100 days of Democratic rage

Trump has enabled the Democratic Party to overlook its serious problems.

By GABRIEL DEBENEDETTI

By most traditional measures, the Democratic Party hit rock bottom at the outset of Donald Trump’s presidency.

The Democratic National Committee was leaderless and in shambles. Congress and the White House were under Republican control, as were about two-thirds of the statehouses. Perhaps the most popular national figure associated with the party, Sen. Bernie Sanders, refused to even call himself a Democrat.

Yet Trump’s first 100 days in office appear to have resuscitated the party, if for no reason other than the rank-and-file loathe him so deeply and furiously. Grassroots activism and organizing is surging. Irate Democrats are flooding GOP town halls even in conservative states like Idaho and South Carolina. Small-dollar fundraising is also on fire — six of the 10 Senate Democrats up for re-election in states Trump won collected over $2 million in the first three months of the year.

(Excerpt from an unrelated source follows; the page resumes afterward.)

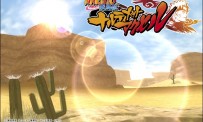 Naruto Shippuden : Ultimate Ninja 4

For some of them, that represented more than had ever been raised in their state this early in the election cycle.

But while the president has generated a vibrant culture of resistance on the left, it’s obscuring the depth of the hole that the Democratic Party still finds itself in. A new NBC News/Wall Street Journal poll shows more Americans view the party negatively than positively.

“We have a new energy but we don’t have a new brand,” said Ohio Rep. Tim Ryan, who gained national attention in November for unsuccessfully challenging House Minority Leader Nancy Pelosi for her leadership role. “I would think that if the Democratic Party had a halfway decent national brand or an exciting, affirmative agenda, that we would have been able to get at least a couple more percentage points in the Georgia [special election where Democrat Jon Ossoff fell just short of 50 percent last week]. We had a great candidate and great energy running under a very negative brand.”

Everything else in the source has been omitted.